At least one of the following token permissions is required:

Logs Write

curl "https://api.cloudflare.com/client/v4/zones/$ZONE_ID/logpush/jobs" \
  --request POST \
  --header "Authorization: Bearer $CLOUDFLARE_API_TOKEN" \
  --json '{
    "name": "<DOMAIN_NAME>",
    "destination_conf": "bq://projects/<PROJECT_ID>/datasets/<DATASET_ID>/tables/<TABLE_ID>?credentials=<ENCODED_VALUE>",
    "output_options": {
        "field_names": [
            "ClientIP",
            "ClientRequestHost",
            "ClientRequestMethod",
            "ClientRequestURI",
            "EdgeEndTimestamp",
            "EdgeResponseBytes",
            "EdgeResponseStatus",
            "EdgeStartTimestamp",
            "RayID"
        ],
        "timestamp_format": "rfc3339"
    },
    "max_upload_bytes": 5000000,
    "max_upload_records": 50000,
    "dataset": "http_requests",
    "enabled": true
  }'

Response:

{
  "errors": [],
  "messages": [],
  "result": {
    "id": <JOB_ID>,
    "dataset": "http_requests",
    "kind": "",
    "max_upload_bytes": 5000000,
    "max_upload_records": 50000,
    "enabled": true,
    "name": "<DOMAIN_NAME>",
    "output_options": {
      "field_names": ["ClientIP", "ClientRequestHost", "ClientRequestMethod", "ClientRequestURI", "EdgeEndTimestamp", "EdgeResponseBytes", "EdgeResponseStatus" ,"EdgeStartTimestamp", "RayID"],
      "timestamp_format": "rfc3339"
    },
    "destination_conf": "bq://projects/<PROJECT_ID>/datasets/<DATASET_ID>/tables/<TABLE_ID>?credentials=<ENCODED_VALUE>",
    "last_complete": null,
    "last_error": null,
    "error_message": null
  },
  "success": true
}

This will make a test upload with an empty content to verify that Logpush can upload, and you may see a row with empty data.

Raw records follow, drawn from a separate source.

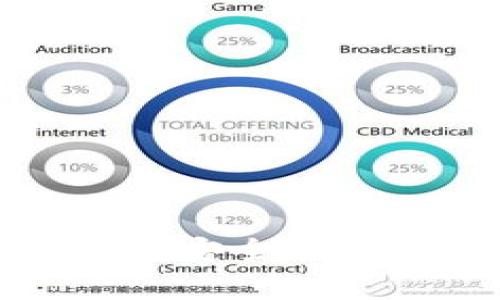 比特币钱包下载指南：安全、可靠的选择与注意事项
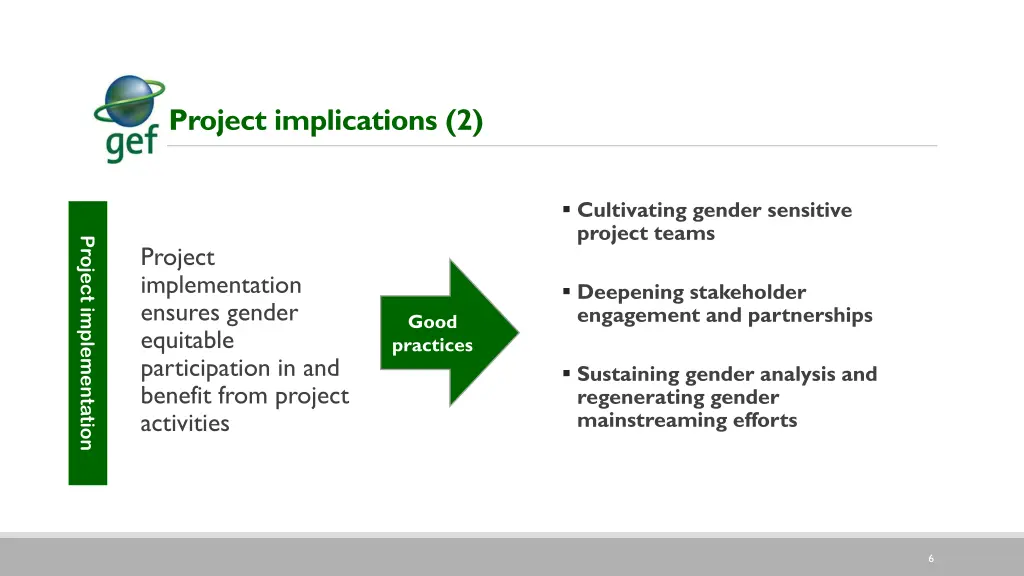 project implications 2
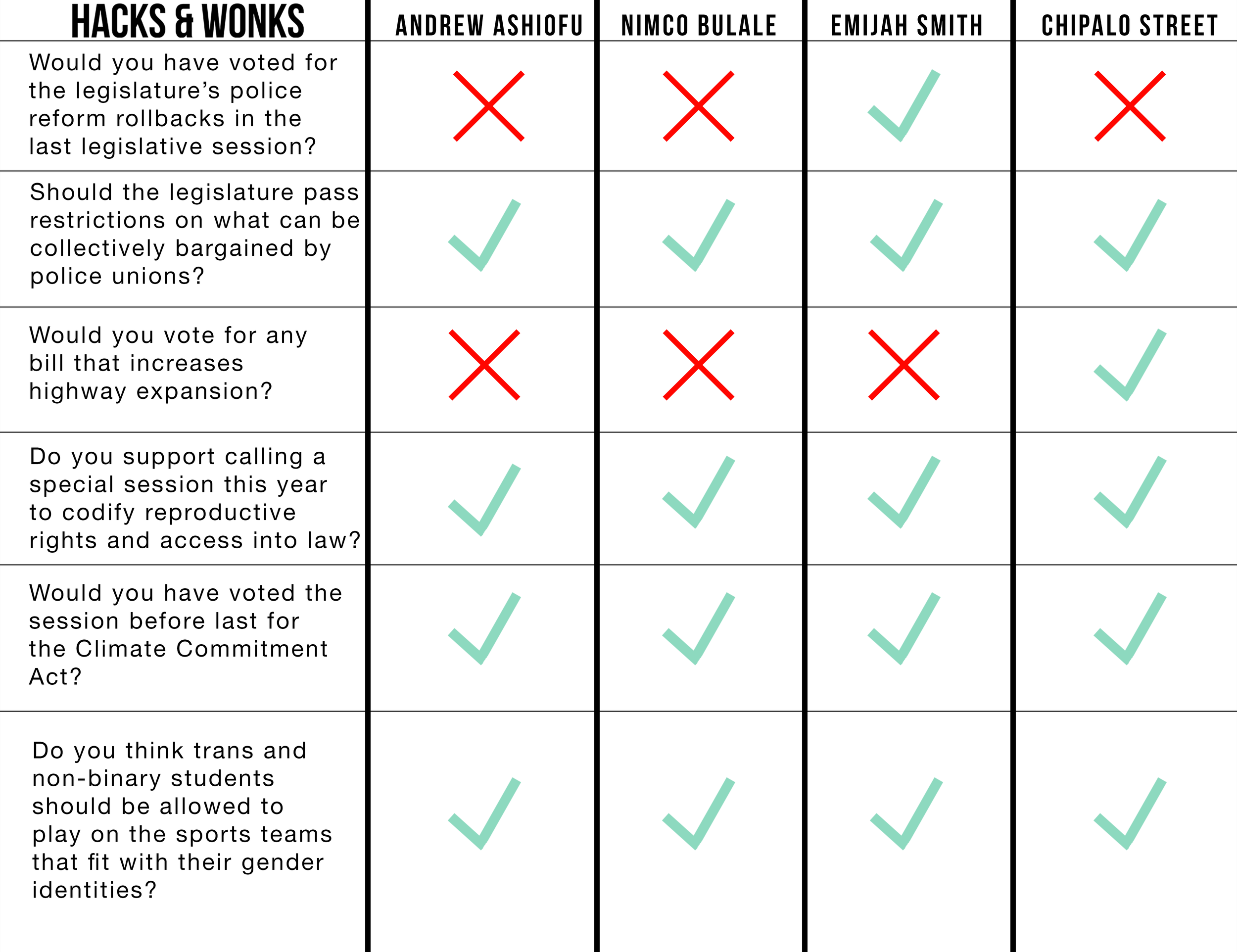 A graphic displaying the answers 37th LD State Rep. Position 2 candidates gave during the lightning round. For write-ups of the answers, see the transcript below.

Refer to Manage Logpush with cURL to update a job (including enabling and disabling).

Limitations

Note the following default quota and limits, as described in the BigQuery documentation ↗.

The following limits apply to BigQuery streaming inserts:

Maximum HTTP request size (uncompressed, may include headers): 10 MB
Maximum row size: 10 MB
Maximum rows per request size: 50,000 rows.

These are default quota / limit, and you should adjust the Logpush jobs to match the limit, and/or request Google to increase them when needed.

Google Cloud Storage integration

Cloudflare Logpush supports pushing logs to Google Cloud Storage.

BigQuery supports loading up to 1,500 jobs per table per day (including failures) with up to 10 million files in each load. That means you can load into BigQuery once per minute and include up to 10 million files in a load. For more information, refer to BigQuery's quotas for load jobs.

Logpush delivers batches of logs as soon as possible, which means you could receive more than one batch of files per minute. Ensure your BigQuery job is configured to ingest files on a given time interval, like every minute, as opposed to when files are received. Ingesting files into BigQuery as each Logpush file is received could exhaust your BigQuery quota quickly.

For a community-supported example of how to set up a schedule job load with BigQuery, refer to Cloudflare + Google Cloud | Integrations repository ↗. Note that this repository is provided on a best-effort basis and is not maintained routinely.